Friday, July 06, 2007

Bottling mead

Last night I finally bottled the mint and jalapeño meads that I've had taking up space in my office for far too long. A couple of weeks ago I added Sparkolloid to clear up the cloudiness in them, and it worked like a charm. After making a quick run to San Antonio Homebrew Supply to pick up some much-needed corks (as well as some beer fixin's--but that's another story) I set to work on bottling the beverages.
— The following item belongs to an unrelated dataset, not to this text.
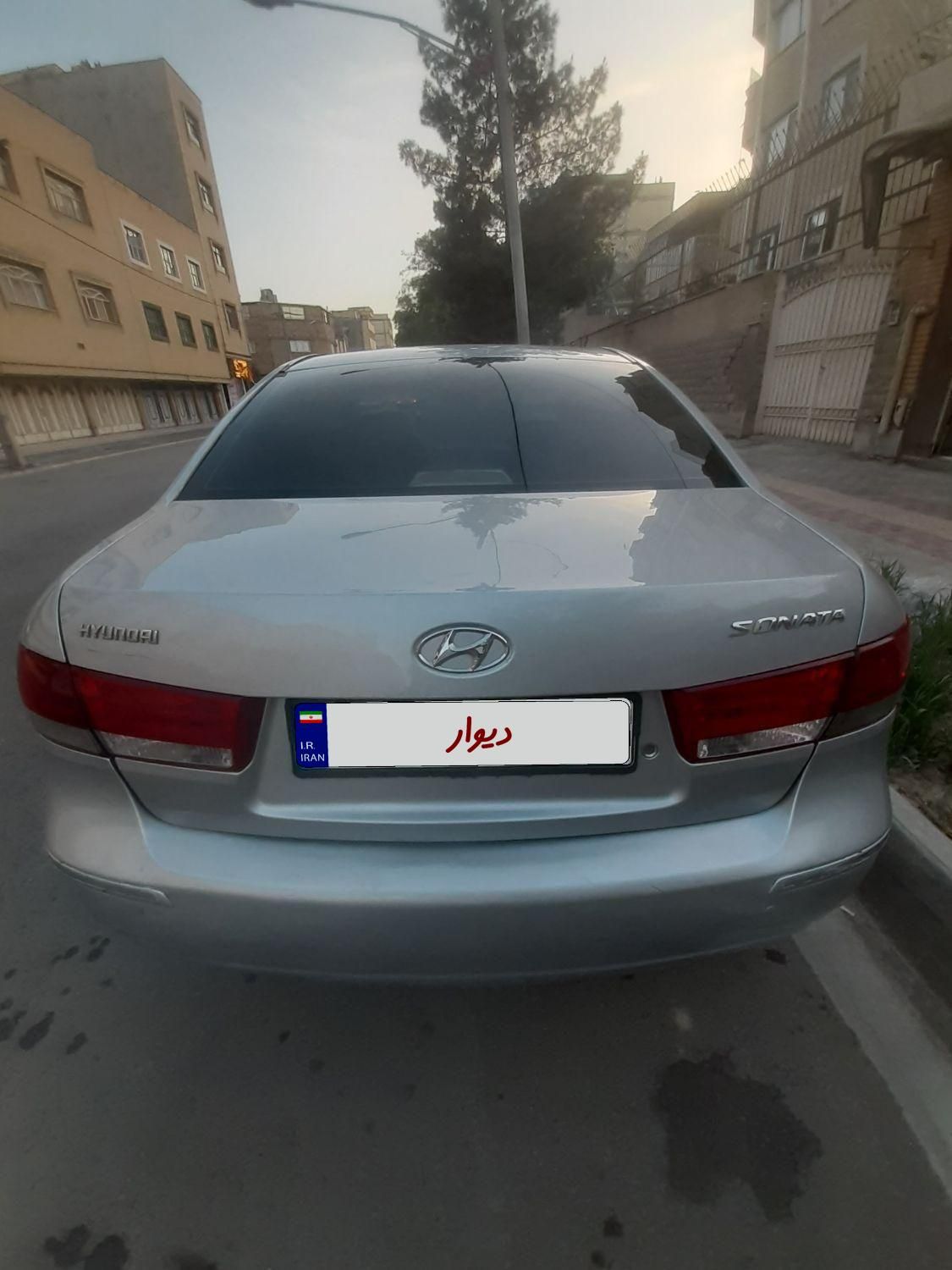 هیوندای سوناتا اتوماتیک NF 2400 - 2006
When all was said and done, I had four bottles of jalapeño mead (technically a metheglin, since jalapeño would qualify more as a spice than anything else, right?) and five bottles of mint metheglin (again, mint being a spice, right?). The mint, as it has trended the whole time, was much clearer and had solid, compact lees in the bottom. It bottled up easily. The little bit I tasted during the siphoning struck me as surprisingly mellow. I'm not a huge mint fan--the flavor is at Lisa's request--but the chocolate mint and spearmint I used (gathered from the back flowerbeds) have blended into a nice, smooth flavor. This may very well combine well with Sprite or 7-Up for a tasty, light cooler-type drink. The jalapeño, on the other hand, remained stubborn. The first three bottles filled easily and cleanly, but the lees began to stir toward the end of the fourth bottle--they weren't solidly packed at all. I'd hoped to bottle a fifth (these were one-gallon glass carboys the mead was aging in, remember) but I only got about half a bottle filled before the liquid became too murky to continue. The sediments were an ugly, gray-brown muddy color, and my efforts to filter some of it by running it through a coffee filter resulted in murky, stopped-up coffee filters. The jalapeño definitely had an impact on the yeast and lees, far more than I'd have expected. As for the flavor... well, this one's going to age for a while before I give a verdict. The rough mead edge had mellowed a good bit, but there wasn't much blending going on yet between the jalapeño and honey flavors. It undeniably tastes of jalapeño, though, with a pleasant mouthburn following shortly after swallowing. This one probably could've used a little more in the way of tannins, but it's not a flavor that's going to win over many people in the long run.